The emergence of the concept and language of ‘climate justice’ in national and international policy agendas and debates in Europe and beyond is undoubtedly a valuable and timely contribution to reflections on the social and legal aspects of climate change. There are, however, significant reasons to be wary of future dangers facing the language and concept of ‘climate justice,’ for critical scholarship reveals a genuine possibility that the concept (just as ‘human rights’ and ‘sustainable development’ before it) will fall prey to corporate co-option in the service of ‘business as usual.’
Indeed, it is painfully obvious that neither human rights law nor environmental regulation and governance regimes have to date delivered the paradigm shift required by the climate crisis. In his extensive 2013 review of environmental governance, Stephen Turner argues that ‘the global legal architecture’ is thoroughly implicated in the root causes of environmental degradation– that ‘the very design of the law itself is fundamentally predisposed to environmental degradation and forms part of a dysfunctional global legal architecture which cannot achieve environmental sustainability.’ Key to Turner’s critique is the power, position and legal form of the corporation. Given extensive evidence of the corporate colonisation of human rights law and of corporate influence over key institutions of the global order, the vexed question of whether the concept of ‘climate justice’ can break with this impasse can by no means be lightly dismissed.

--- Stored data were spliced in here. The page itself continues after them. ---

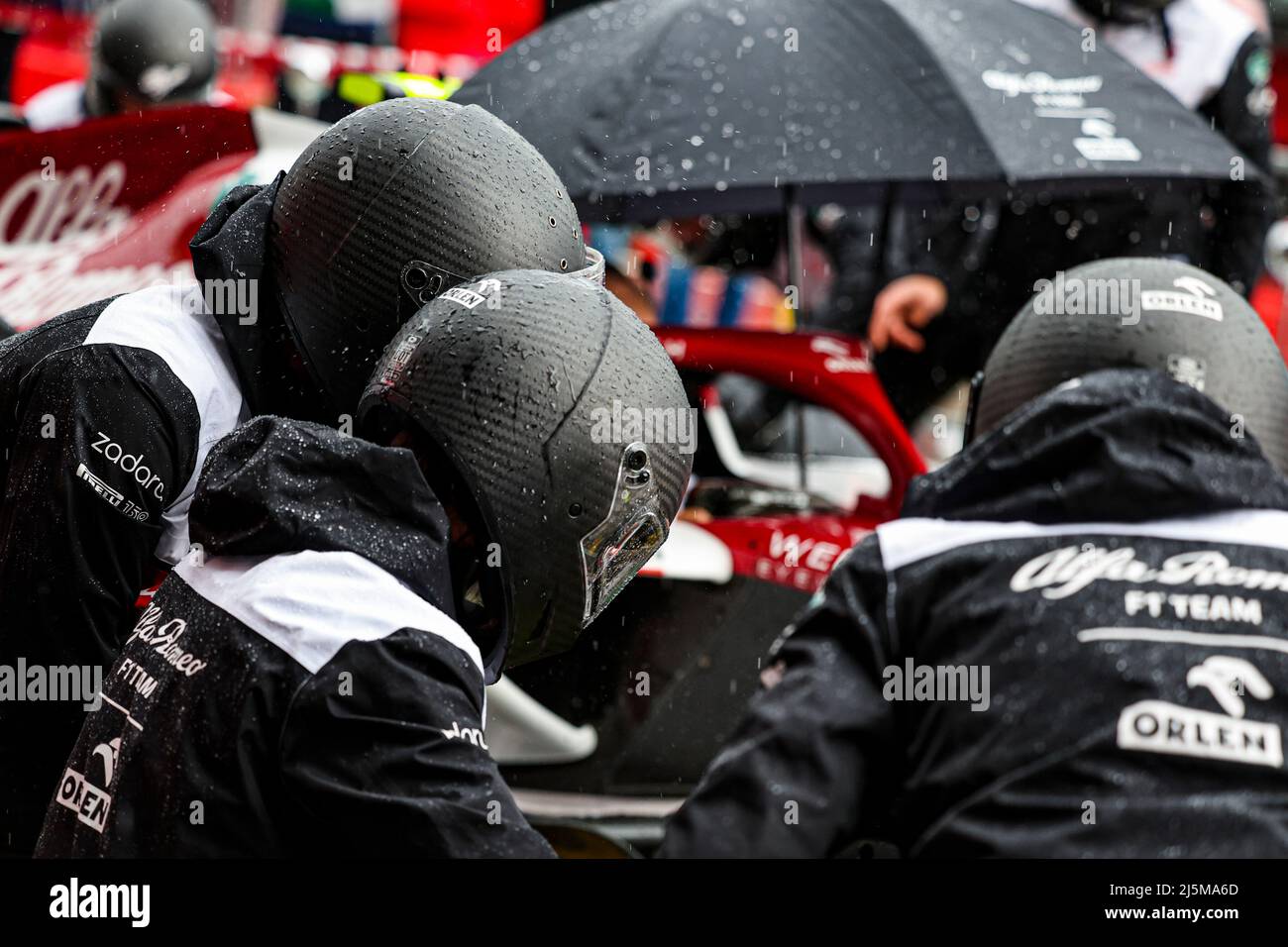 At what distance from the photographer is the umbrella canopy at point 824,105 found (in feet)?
15.6

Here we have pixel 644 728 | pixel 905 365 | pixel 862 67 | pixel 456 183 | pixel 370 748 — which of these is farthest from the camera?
pixel 905 365

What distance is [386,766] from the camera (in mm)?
1980

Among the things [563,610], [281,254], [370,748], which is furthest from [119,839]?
[281,254]

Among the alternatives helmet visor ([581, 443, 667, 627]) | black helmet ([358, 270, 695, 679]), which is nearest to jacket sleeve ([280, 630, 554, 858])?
black helmet ([358, 270, 695, 679])

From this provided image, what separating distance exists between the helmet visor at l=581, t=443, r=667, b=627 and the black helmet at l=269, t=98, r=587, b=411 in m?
0.61

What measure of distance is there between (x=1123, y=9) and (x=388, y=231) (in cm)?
438

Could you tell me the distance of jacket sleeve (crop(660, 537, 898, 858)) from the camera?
2086 mm

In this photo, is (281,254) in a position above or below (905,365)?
above

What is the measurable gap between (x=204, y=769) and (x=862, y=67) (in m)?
3.54

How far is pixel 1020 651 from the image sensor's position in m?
2.10

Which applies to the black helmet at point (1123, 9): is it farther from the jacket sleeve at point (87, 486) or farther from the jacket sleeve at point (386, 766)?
the jacket sleeve at point (386, 766)

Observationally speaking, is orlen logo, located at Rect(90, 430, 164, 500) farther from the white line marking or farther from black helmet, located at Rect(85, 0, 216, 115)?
black helmet, located at Rect(85, 0, 216, 115) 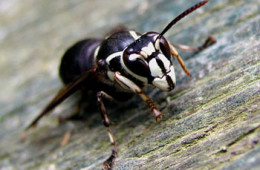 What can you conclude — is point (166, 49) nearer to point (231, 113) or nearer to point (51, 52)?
point (231, 113)

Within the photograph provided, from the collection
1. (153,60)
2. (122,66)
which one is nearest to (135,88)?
(122,66)

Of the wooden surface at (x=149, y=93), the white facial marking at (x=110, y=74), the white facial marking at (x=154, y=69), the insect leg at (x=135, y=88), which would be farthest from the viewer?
the white facial marking at (x=110, y=74)

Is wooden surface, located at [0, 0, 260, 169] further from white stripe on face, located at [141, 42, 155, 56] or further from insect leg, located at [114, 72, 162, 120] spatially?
white stripe on face, located at [141, 42, 155, 56]

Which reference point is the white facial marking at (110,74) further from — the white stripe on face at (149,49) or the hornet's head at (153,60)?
the white stripe on face at (149,49)

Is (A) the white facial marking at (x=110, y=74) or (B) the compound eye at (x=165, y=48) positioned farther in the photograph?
(A) the white facial marking at (x=110, y=74)

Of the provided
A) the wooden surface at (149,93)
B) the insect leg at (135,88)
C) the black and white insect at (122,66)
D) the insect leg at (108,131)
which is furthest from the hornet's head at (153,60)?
the insect leg at (108,131)

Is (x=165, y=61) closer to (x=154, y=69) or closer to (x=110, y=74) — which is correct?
(x=154, y=69)
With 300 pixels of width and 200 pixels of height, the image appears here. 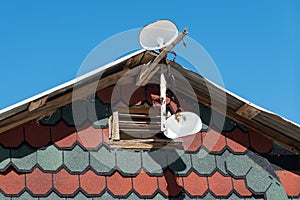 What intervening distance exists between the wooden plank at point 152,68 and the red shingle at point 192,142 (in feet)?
1.99

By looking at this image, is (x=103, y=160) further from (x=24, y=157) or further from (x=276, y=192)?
(x=276, y=192)

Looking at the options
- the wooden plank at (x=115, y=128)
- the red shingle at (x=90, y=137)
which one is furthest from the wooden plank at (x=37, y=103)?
the wooden plank at (x=115, y=128)

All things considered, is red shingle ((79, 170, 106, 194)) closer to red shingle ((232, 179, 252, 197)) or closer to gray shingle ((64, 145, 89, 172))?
gray shingle ((64, 145, 89, 172))

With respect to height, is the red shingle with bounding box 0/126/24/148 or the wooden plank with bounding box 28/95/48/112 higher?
the wooden plank with bounding box 28/95/48/112

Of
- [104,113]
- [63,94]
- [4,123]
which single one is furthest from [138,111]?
[4,123]

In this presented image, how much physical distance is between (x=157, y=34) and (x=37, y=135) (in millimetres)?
1306

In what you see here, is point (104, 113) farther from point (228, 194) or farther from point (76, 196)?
point (228, 194)

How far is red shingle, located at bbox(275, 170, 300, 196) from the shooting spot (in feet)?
22.7

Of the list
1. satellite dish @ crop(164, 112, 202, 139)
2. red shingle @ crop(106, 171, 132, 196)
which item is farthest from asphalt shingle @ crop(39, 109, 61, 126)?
satellite dish @ crop(164, 112, 202, 139)

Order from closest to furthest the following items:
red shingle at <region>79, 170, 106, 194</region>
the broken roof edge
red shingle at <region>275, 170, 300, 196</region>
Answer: the broken roof edge
red shingle at <region>79, 170, 106, 194</region>
red shingle at <region>275, 170, 300, 196</region>

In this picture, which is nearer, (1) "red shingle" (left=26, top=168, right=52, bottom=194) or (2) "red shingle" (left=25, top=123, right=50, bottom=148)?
(1) "red shingle" (left=26, top=168, right=52, bottom=194)

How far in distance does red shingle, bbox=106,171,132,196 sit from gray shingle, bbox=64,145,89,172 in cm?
23

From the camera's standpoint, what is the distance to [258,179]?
6879 mm

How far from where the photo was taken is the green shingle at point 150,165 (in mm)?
6539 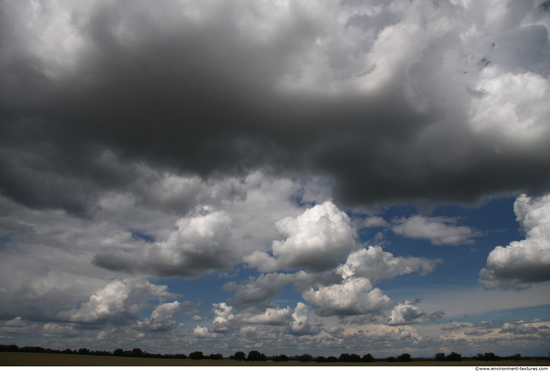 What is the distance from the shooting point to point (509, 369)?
211 feet

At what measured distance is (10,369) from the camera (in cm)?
6116

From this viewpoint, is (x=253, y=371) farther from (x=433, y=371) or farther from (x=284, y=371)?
(x=433, y=371)

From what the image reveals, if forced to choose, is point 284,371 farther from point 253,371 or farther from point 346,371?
point 346,371

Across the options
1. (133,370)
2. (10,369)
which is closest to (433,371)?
(133,370)

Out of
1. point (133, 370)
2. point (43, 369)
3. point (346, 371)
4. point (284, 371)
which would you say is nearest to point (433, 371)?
point (346, 371)

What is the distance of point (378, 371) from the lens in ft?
196

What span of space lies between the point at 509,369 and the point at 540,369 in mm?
6185

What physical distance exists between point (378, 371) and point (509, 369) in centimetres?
3085

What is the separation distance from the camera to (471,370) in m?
63.0

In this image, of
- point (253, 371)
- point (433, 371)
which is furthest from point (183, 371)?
point (433, 371)

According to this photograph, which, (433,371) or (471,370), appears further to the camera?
(471,370)

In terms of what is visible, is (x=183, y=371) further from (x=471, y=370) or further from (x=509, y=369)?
(x=509, y=369)

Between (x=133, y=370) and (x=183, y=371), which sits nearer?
(x=133, y=370)

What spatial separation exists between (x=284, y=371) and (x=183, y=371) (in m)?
22.2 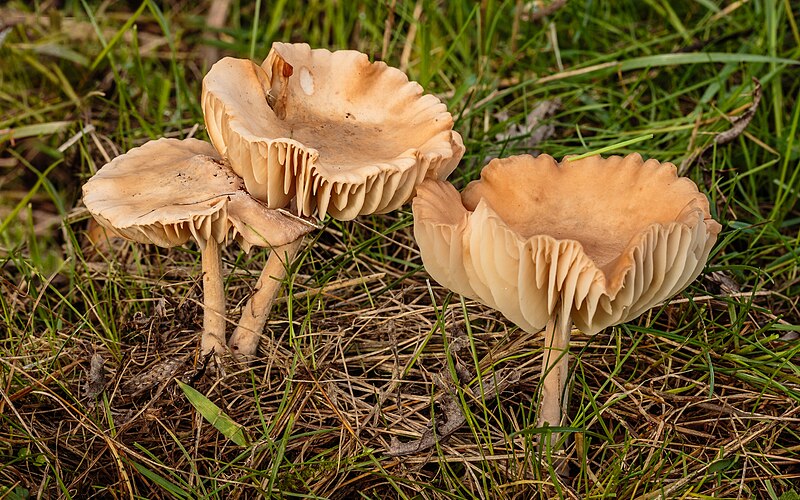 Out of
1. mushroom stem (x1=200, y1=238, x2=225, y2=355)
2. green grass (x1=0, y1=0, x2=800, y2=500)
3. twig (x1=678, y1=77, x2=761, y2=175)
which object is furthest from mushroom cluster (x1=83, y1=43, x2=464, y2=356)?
twig (x1=678, y1=77, x2=761, y2=175)

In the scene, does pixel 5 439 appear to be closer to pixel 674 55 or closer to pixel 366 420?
pixel 366 420

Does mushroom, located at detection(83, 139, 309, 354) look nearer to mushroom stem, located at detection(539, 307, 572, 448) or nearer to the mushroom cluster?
the mushroom cluster

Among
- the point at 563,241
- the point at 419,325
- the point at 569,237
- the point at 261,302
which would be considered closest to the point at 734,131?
the point at 569,237

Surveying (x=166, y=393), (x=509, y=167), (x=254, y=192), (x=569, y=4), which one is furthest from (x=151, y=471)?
(x=569, y=4)

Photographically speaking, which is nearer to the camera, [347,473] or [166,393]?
[347,473]

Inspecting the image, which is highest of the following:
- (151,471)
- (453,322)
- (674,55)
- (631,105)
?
(674,55)

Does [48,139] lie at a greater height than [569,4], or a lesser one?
lesser

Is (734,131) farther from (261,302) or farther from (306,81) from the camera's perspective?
(261,302)

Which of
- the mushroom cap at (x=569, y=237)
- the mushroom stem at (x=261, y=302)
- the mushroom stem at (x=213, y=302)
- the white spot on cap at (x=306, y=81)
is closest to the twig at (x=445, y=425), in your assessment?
the mushroom cap at (x=569, y=237) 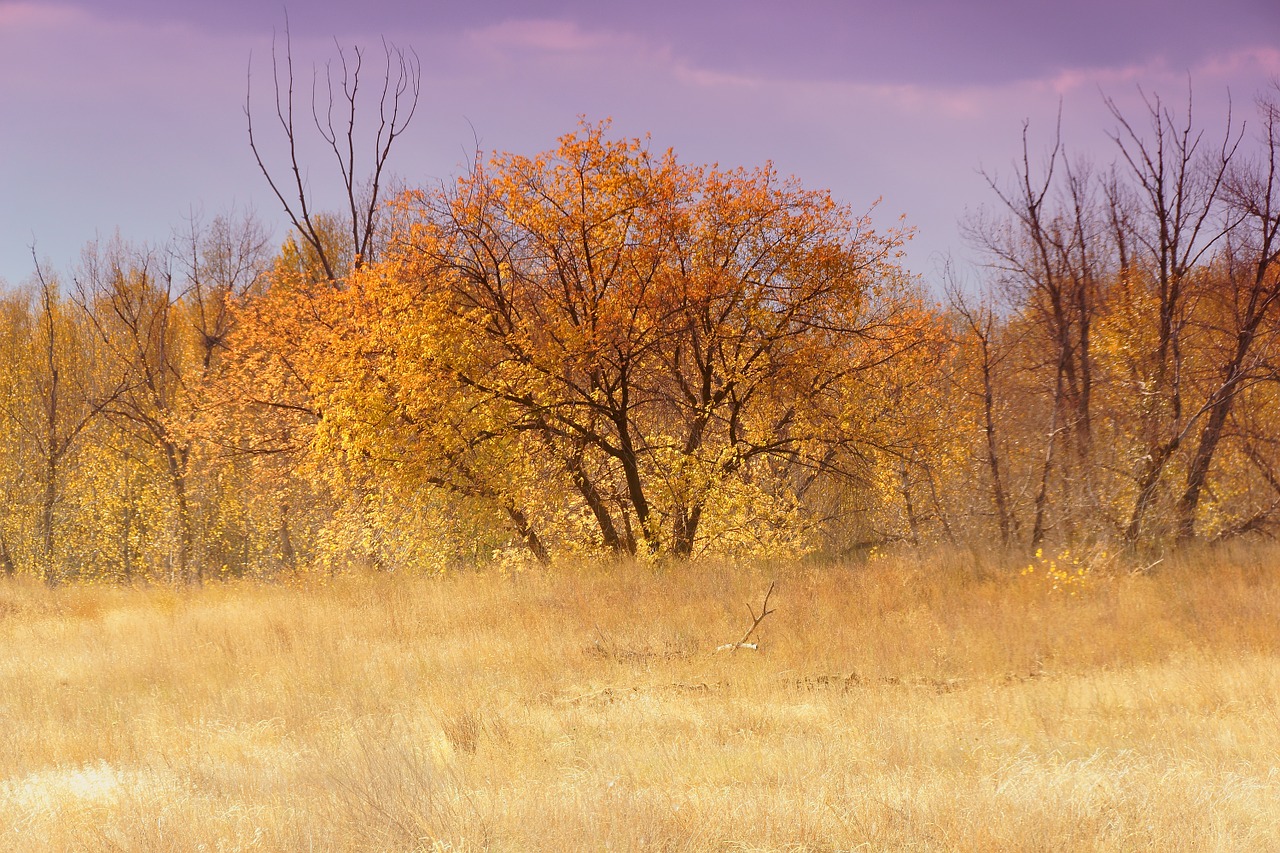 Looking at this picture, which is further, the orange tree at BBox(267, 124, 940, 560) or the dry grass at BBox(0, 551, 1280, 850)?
the orange tree at BBox(267, 124, 940, 560)

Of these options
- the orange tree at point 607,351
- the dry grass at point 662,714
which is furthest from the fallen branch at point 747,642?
the orange tree at point 607,351

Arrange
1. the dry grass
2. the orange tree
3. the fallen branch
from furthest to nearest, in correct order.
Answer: the orange tree, the fallen branch, the dry grass

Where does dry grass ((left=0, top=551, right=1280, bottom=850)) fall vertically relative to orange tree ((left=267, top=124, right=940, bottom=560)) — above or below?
below

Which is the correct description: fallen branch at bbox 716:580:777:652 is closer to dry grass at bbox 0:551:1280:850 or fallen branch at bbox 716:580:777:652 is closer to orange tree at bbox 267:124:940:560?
dry grass at bbox 0:551:1280:850

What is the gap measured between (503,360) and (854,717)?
963 cm

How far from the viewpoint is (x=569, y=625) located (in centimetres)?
1078

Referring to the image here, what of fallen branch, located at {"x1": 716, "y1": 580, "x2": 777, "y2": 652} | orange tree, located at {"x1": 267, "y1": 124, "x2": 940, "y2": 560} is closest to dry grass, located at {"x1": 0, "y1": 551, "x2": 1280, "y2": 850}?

It may even be that ‘climate justice’ is especially vulnerable to cooptation, because by focusing on justice we are perhaps more likely to consider a solution ‘just’ or ‘more just’ whenever even the smallest progress is made. Such semantic vulnerability stems, in part, from the traditional hierarchical language of justice itself: In talking about climate justice we may be drawn to particular acts of justice or injustice and it may become too easy to overlook the more demanding and complex structural issues pointing to the need for much more radical, systemic engagement and transformation.
None of this analysis implies that ‘climate justice’ language should be abandoned – far from it. It does suggest, however, that its meaning must be forged in an ongoing critical reflexivity, and be contended for in the light of discursive mutations highly likely to emerge from corporation-friendly juridical, economic and political ontologies and practices of power.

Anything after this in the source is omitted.